*** DATA BELOW

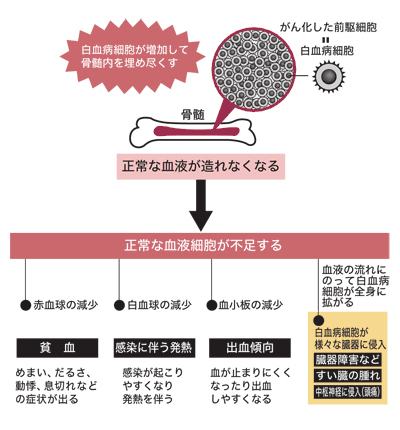 図：白血病のしくみと症状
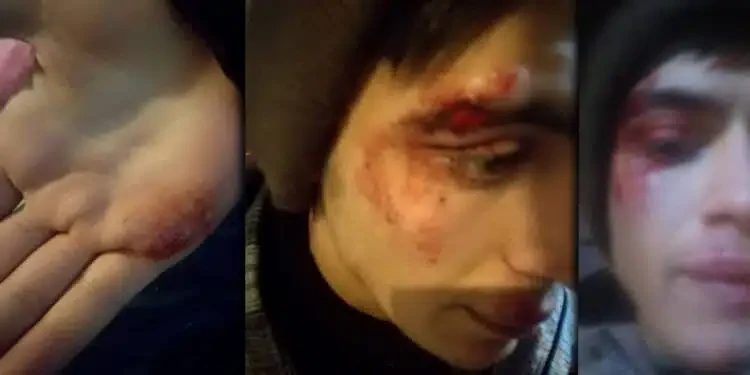 Partizan okuruna sokak ortasında işkence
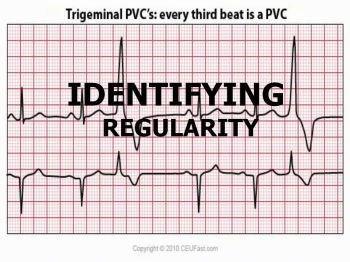 IDENTIFYING REGULARITY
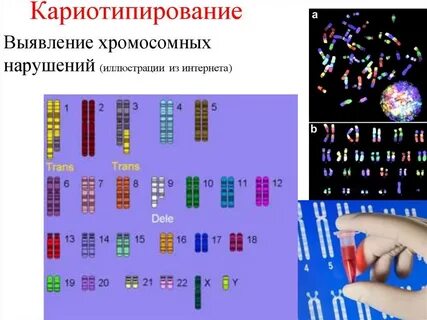 Кариотип цитогенетическим методом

******

§ TASK TO CARRY OUT: I would like the material above returned exactly as it stands, without its pictures.

§ FINAL ANSWER:
 図：白血病のしくみと症状
 Partizan okuruna sokak ortasında işkence
 IDENTIFYING REGULARITY
 Кариотип цитогенетическим методом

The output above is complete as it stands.